Set up a local installation of MIT Kerberos and configure the Hadoop cluster as its own realm. Configure each machine in the cluster to use the realm you’ve chosen as its default realm (this will save you endless pain later as it obviates the need to configure principal rewrite rules). If you have a global identity management system like Active Directory, configure a one way cross realm trust from the local KDC to the global system so users can successfully authenticate. While this seems odd at first, Hadoop has proven its ability to perform a distributed denial of service attack on corporate identity infrastructure simply by running a MapReduce job. Remember that every RPC requires communication with the KDC in secure mode and with a large enough cluster, with many tasks it’s possible to create a noticeable impact on shared infrastructure (one such incident rendered users incapable of authenticating for email for a short time during an unusual spike in Hadoop activity).
Remember that the HDFS directory structure, like any other shared filesystem, is not just an organization construct, but the way you enforce access to data. Think about applications and access, and design accordingly. Like a relational database schema, the filesystem directory structure can be difficult to change for production systems. This is an area where administrators and developers must work in tandem.
In scenarios where finegrained access control is required, it is useful to create gateway services. A gateway (or sometimes, proxy) service is a daemon that receives a (usually higher level) request and performs an action on behalf of a user when allowing the user to directly perform the action wouldn’t provide enough control.

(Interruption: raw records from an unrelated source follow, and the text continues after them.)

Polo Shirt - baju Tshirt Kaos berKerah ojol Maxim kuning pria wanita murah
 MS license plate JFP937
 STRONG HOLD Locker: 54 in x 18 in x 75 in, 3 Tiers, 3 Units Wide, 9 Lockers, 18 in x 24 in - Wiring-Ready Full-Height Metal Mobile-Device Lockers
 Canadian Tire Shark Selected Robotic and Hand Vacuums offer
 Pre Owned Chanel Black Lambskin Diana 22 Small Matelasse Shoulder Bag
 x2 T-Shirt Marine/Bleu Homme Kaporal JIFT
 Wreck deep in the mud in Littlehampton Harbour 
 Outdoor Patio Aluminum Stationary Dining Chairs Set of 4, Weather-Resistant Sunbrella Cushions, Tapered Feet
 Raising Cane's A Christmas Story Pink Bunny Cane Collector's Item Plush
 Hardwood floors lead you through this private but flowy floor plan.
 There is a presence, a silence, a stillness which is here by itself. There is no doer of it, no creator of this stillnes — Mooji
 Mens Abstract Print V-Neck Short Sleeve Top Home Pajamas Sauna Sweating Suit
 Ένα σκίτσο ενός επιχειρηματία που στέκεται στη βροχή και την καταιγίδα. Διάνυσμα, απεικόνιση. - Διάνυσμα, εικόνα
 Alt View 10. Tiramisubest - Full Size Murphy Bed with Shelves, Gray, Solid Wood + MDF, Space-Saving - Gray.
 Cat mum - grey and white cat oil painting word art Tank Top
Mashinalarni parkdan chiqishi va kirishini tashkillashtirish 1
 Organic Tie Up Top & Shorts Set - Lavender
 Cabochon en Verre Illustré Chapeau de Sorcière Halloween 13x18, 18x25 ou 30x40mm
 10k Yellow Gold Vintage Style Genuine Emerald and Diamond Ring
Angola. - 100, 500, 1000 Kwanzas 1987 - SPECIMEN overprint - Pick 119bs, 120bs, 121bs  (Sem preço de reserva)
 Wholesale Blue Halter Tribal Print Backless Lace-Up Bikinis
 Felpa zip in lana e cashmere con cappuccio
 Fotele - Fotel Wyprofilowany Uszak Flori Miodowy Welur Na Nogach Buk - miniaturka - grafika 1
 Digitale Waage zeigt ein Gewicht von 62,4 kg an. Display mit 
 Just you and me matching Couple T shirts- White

A gateway, for instance, can be used to simulate column level
access to files. Because all columns are stored in a single file,
and the file is the level granularity with which access control can
be controlled, it is necessary to intercept operations, apply the
necessary checks, execute a modified version of the user’s request,
and place the result in a location they can access. It’s imperative
that the user not be given direct access to the source file, as this
would allow access control to be circumvented. If, for instance, the
preferred method of access was Hive, the gateway service could take a Hive query,
rewrite it, and submit it to Hive proper as a privileged user, on
their behalf.[18] In many ways, this is the same idea as the
sudo
command, which is familiar to many
administrators. This does require custom development and application
specific knowledge, so it’s hard to make a recommendation that’s
generally applicable, but the technique is what is important.
[15] IETF RFC 4120 - The Kerberos Network Authentication Service (version 5) - http://tools.ietf.org/html/rfc4120
[16] You can install the MIT Kerberos 1.9 client and server
packages on CentOS 6.2 using the commands yum install
krb5-workstation
and yum install
krb5-server
, respectively.
[17] This does not mean Hive makes Hadoop a relational database. Instead, it presents a familiar SQL-like interface to users to query data, but its execution engine is still MapReduce and subject to all the inherent functional and performance characteristics therein.
[18] Some may note that Hive has basic constructs for controlling table level access as well as creating views, so it should be possible to create a view that doesn’t select the restricted column and give access to that instead. The problem with this is that since the user’s MapReduce job generated by Hive runs as them, they still must have access to the underlying file, which means if they were to go to the command line, they could simply read the original file, circumventing the higher level controls.